Med Res Rev. 2008 May;28(3):329-71. doi: 10.1002/med.20108.
In view of the large libraries of nucleoside analogues that are now being handled in organic synthesis, the identification of drug biological activity is advisable prior to synthesis and this can be achieved by employing predictive biological property methods. In this sense, Quantitative Structure-Activity Relationships (QSAR) or docking approaches have emerged as promising tools.
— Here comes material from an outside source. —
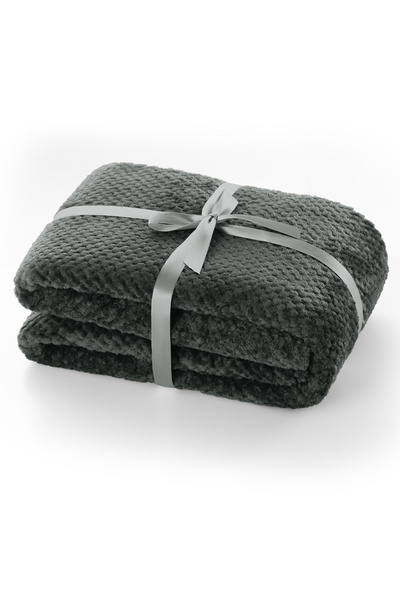 Deco King Modern style blanket with embossed jacquard pattern, Henry, 240 g/m2, 170x210 cm, dark grey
Although a large number of in silico approaches have been described in the literature for the prediction of different biological activities, the use of QSAR applications to develop adenosine receptor (AR) antagonists is not common as for the case of the antibiotics and anticancer compounds for instance. The intention of this review is to summarize the present knowledge concerning computational predictions of new molecules as adenosine receptor antagonists.
鉴于目前有机合成中正在处理的大量核苷类似物库,在合成之前确定药物的生物活性是明智的,这可以通过采用预测生物学性质的方法来实现。从这个意义上说,定量构效关系(QSAR)或对接方法已成为很有前景的工具。尽管文献中已经描述了大量用于预测不同生物活性的计算机方法,但与抗生素和抗癌化合物的情况不同,使用QSAR应用来开发腺苷受体(AR)拮抗剂并不常见。本综述的目的是总结有关作为腺苷受体拮抗剂的新分子的计算预测的现有知识。